In 2001 the Pocket Opera Players relocated its main offices to the Manhattan Area, while maintaining a lively presence in Chicago.  On May 21st and 22nd of 2002 at Symphony Space in New York, it performed Peer Gynt, Eaton’s first Romp for Instrumentalists, and the world premiere of “…inasmuch” – see the fine review by Anne Midgette in the New York Times available on the home page.  In Chicago, on September 14th, 21st and 22nd, it repeated Don Quixote by popular demand and presented the Midwestern premiere of “…inasmuch” to a fine reaction by both the Chicago press and audience.  Finally, on June 25th and 26th of 2003, to an enthusiastic public, the Pocket Opera Players performed three operas, the world premiere of Salome’s Flea Circus, and the New York premieres of Travelling with Gulliver and Golk. The Garden of Eaton Festival in 2004 was a major event at the Tribeca Performing Arts Center's large theater. It featured the world premiere of Pinocchio, the New York premiere of Antigone, and many other events celebrating Eaton's contributions to Pocket Opera as well as electronic music. The following years, although less ambitious, saw the immensely provocative Sor Juana Fest in 2005, which led Newsday critic Marion Lignana Rosenberg to head her review "Singular Music to Honor a Singular 17th Century Nun", and the New York premiere of "Youth" in 2006.

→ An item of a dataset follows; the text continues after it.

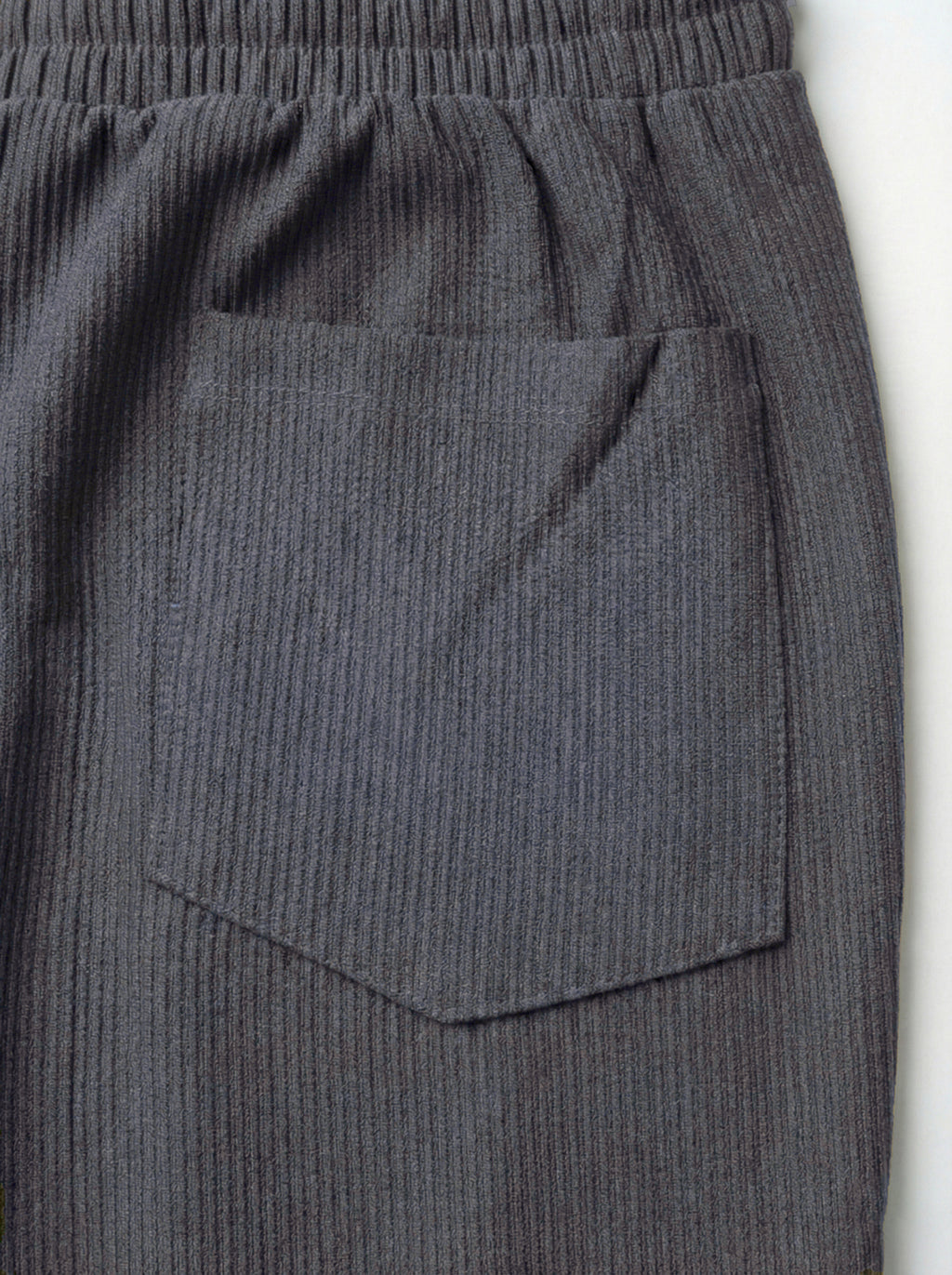 Urban Soft Ribbed Trousers | Baggy Fit Wide Leg - Dark Grey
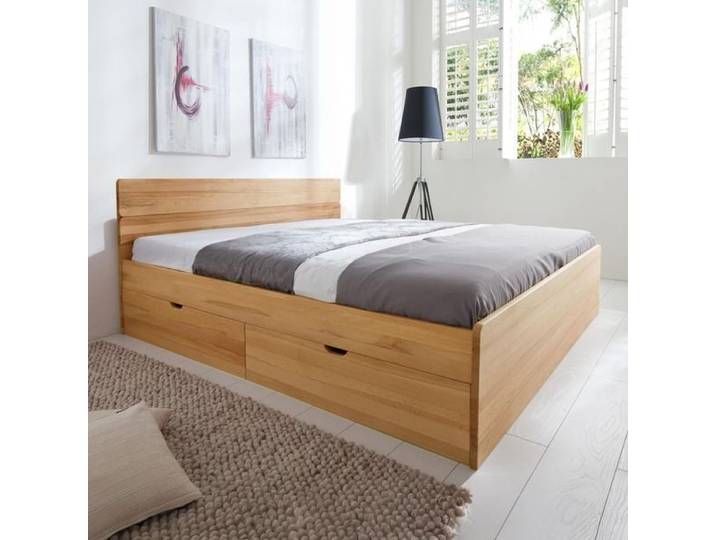 Bett Finnland Komfort Kiefer/Kernbuche Massivholz mit Schubkasten 180x200cm Kernbuche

The Pocket Opera Players Mission 

Recently reorganized as a not-for-profit corporation with tax-exempt [501(C)3] status, The Pocket Opera Players has achieved a new level of autonomy and the financial stability required to begin executing a more ambitious series of engagements. Beginning in the winter of 2000 and for each subsequent year, the company intends to premiere a commissioned work by a different composer along with either a new opera by Eaton or a work previously written for the company. The Pocket also has plans to extend its outreach activities each year. Among its more specific objectives are: 

1) to give excellent performances of whatever pieces it undertakes; 
2) to introduce audiences to new musical possibilities -- to unfamiliar sounds and vocal/instrumental/electronic combinations and techniques -- in a most engaging fashion and with the added stimulus to appreciation by the public of being connected with dramatic performances; 
3) to contribute to the development of non-traditional audiences for contemporary music, especially youth with limited access to cultural programming, through outreach to schools and communal organizations; 
4) to involve the instrumentalists in the action in such a way that what they do in addition to performing their instruments in traditional and non-traditional ways-- eg., singing, dancing, acting -- seems to be a natural extension of what they are playing; 
5) to replace the large traditional operatic orchestral accompanying forces with new electronic music controllers, sensitive to human nuance, such as the Eaton-Moog Multiple-Touch-Sensitive Keyboards; 
6) to work with new possibilities of lighting and sound reinforcement whenever these enhance the action; 
7) to eventually commission new works by composers which are especially written within the scope of the company; 
8) to design productions so that they can be toured and easily performed in non-traditional spaces. 

The Pocket Opera Players will be performing with an exceptionally versatile group of instrumentalists and singers cum actors. Such performance, fresh, vital, and accessible, has the potential to win audiences unfamiliar with or uncertain about opera. This combination of the newest music, the finest performance values, and the most diverse audiences addresses the mission of the new company.